Apoiado pela maioria dos países da América Latina governado por partidos de direita, o golpe contou com um relatório da OEA que supostamente indicava que as eleições haviam sido fraudadas, fato que estudos publicados desde então descartam completamente.
Voos ao Brasil
O periódico argentino ainda publicou uma matéria no domingo (07/06) alegando que o avião presidencial da Bolívia, o FAB-001, esteve no Brasil um dia depois do golpe, quando começou uma série de viagens por cidades brasileiras como Brasília, São Paulo, Manaus e Rio de Janeiro.
Segundo Morales, “alguns oficiais das Forças Armadas bolivianas me disseram que nesses voos levaram dinheiro”. Questionado se o objetivo era tirar dinheiro da Bolívia, Evo respondeu que “é assim, assim se entende”. “Pois eu imagino, e talvez imagine mal, que seguramente alguém ia trazer dinheiro, muito dinheiro para as Forças Armadas ou para a polícia. Precisavam de dinheiro disponível e meter bala, como fizeram nos dias seguintes”, disse o ex-presidente.

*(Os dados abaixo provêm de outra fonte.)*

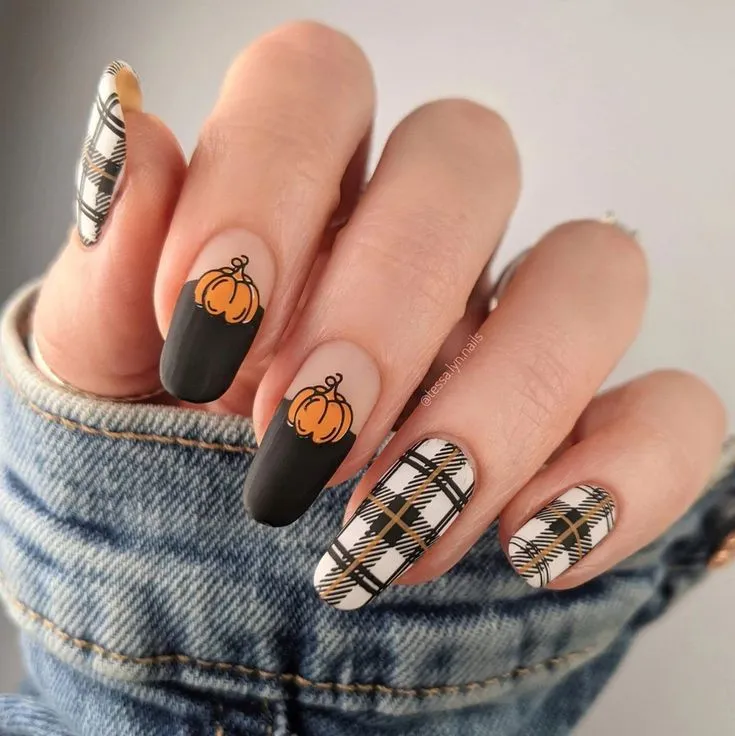 Halloween nail designs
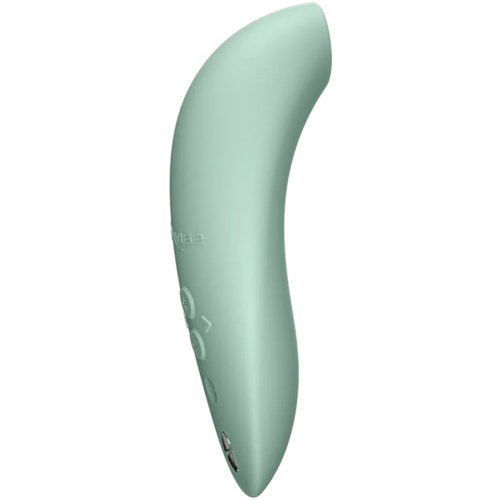Klitorisstimulator WE-VIBE MELT 2 med luftpulser, salvia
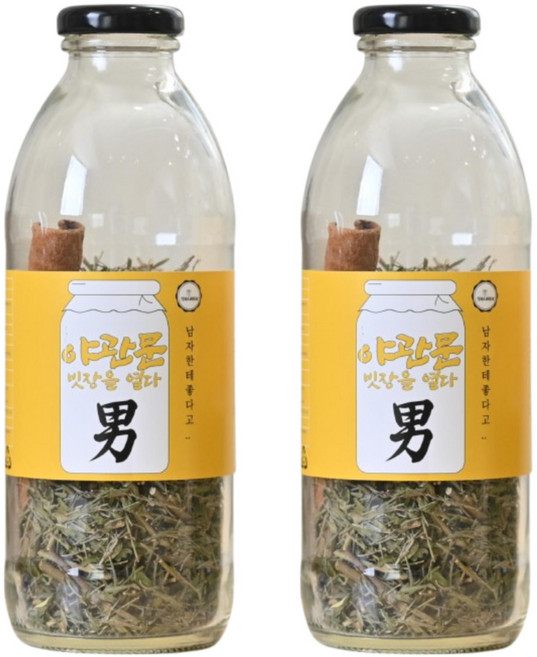 1+1 테라브루 야관문주 담금주 키트, 2개, 600ml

Entretanto, a Força Aérea Boliviana negou que o avião presidencial com matrícula FAB-001 tenha viajado ao Brasil nos dias subsequentes aos golpe de Estado do dia 10 de novembro de 2019.

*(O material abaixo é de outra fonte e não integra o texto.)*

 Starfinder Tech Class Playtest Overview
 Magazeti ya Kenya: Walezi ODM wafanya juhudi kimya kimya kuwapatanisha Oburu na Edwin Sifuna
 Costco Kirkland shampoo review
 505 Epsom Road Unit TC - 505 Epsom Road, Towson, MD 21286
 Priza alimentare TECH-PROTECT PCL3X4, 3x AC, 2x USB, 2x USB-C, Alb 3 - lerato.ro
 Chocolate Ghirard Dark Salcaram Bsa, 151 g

Em nota emitida na última segunda-feira (08/06), os militares bolivianos rechaçam as informações publicadas pelo Página12 e afirmam que “o sistema FlightAware, com o qual se pode realizar o acompanhamento de todas as aeronaves, emitiu um sinal de deslocamento de uma “First Air” (FA-01); todas as aeronaves presidenciais a nível mundial, não só na Bolívia, levam esta identificação”.

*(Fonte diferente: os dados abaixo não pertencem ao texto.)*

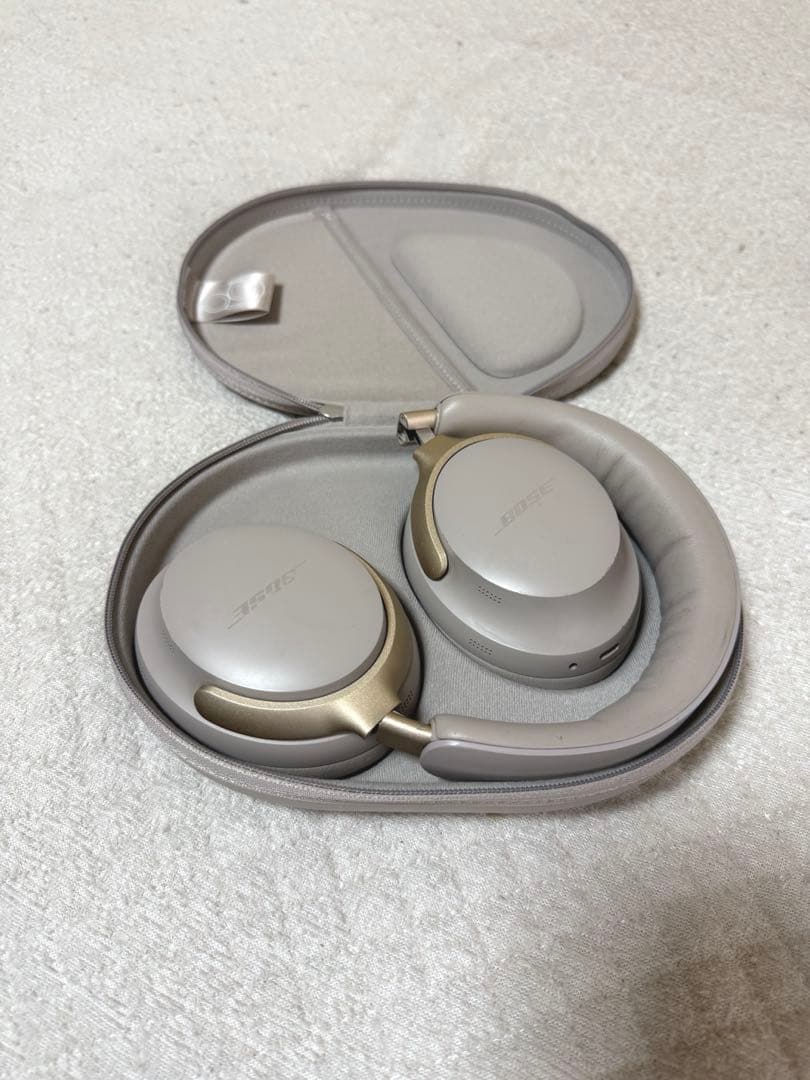 BOSE QC Ultra Headphones サンドストーン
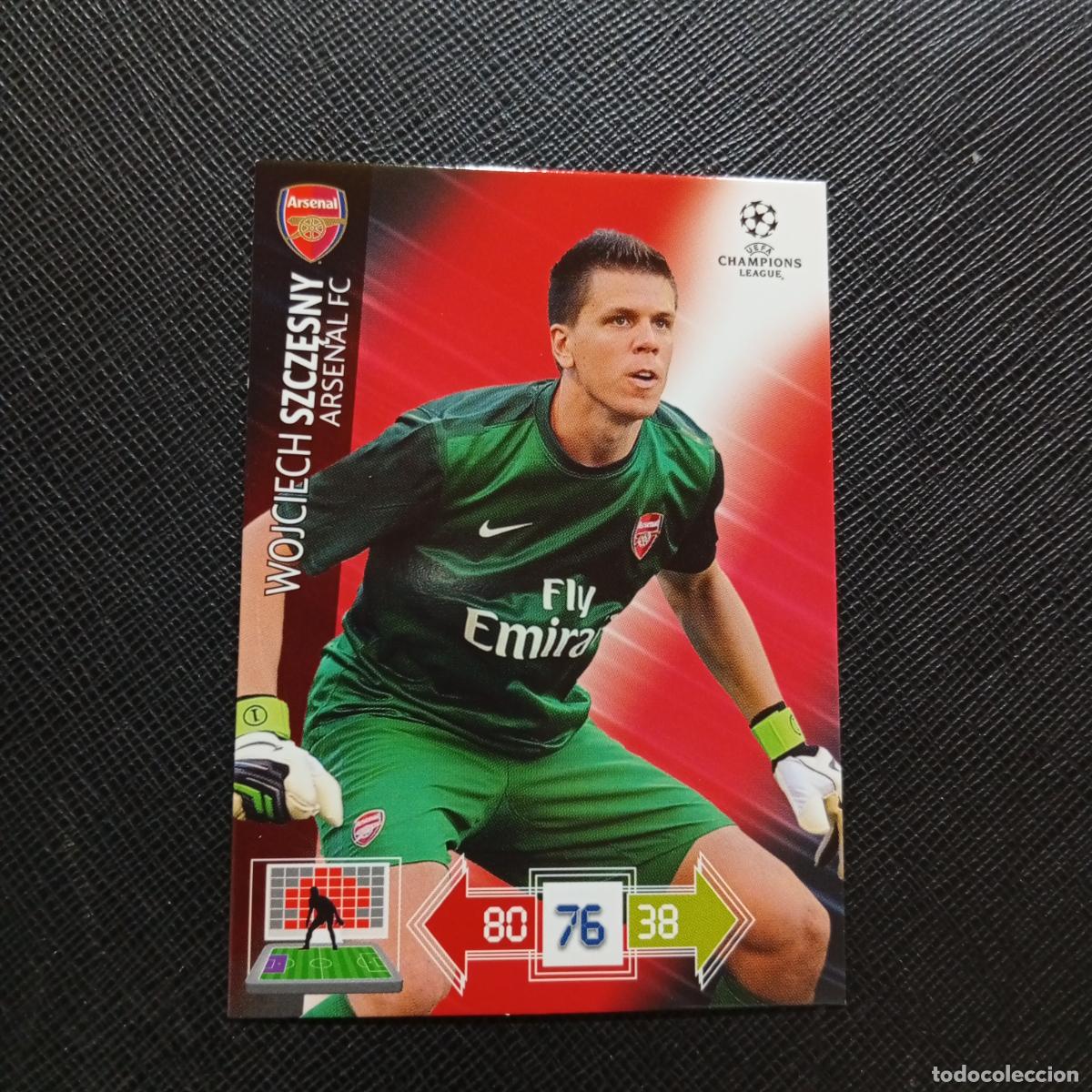 Cromos de f&uacute;tbol: SZCZESNY ARSENAL ADRENALYN CHAMPIONS LEAGUE 2012 2013 FUTBOL 12 13 - A210 PG244 B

De fato, é de praxe que, quando uma aeronave transporta um presidente, ela seja denominada pela matrícula 001 e, no caso dos registros de voos publicados pelo Página/12, as viagens foram feitas na verdade pelo avião presidencial do Brasil. Em outras palavras, todo avião em que o presidente brasileiro, por exemplo, estiver viajando, carrega o call sign FAB1 (Força Aérea Brasileira 1) – e é assim que a aeronave aparece nas telas dos controladores de voo e no FlightAware.
Além disso, todas as viagens que o periódico argentino atribuiu ao avião presidencial da Bolívia entre 11 de novembro de 2019 a 7 de dezembro de 2019 no território brasileiro batem com realizadas pelo presidente Jair Bolsonaro, o que pode ser comprovado pela agenda oficial do mandatário.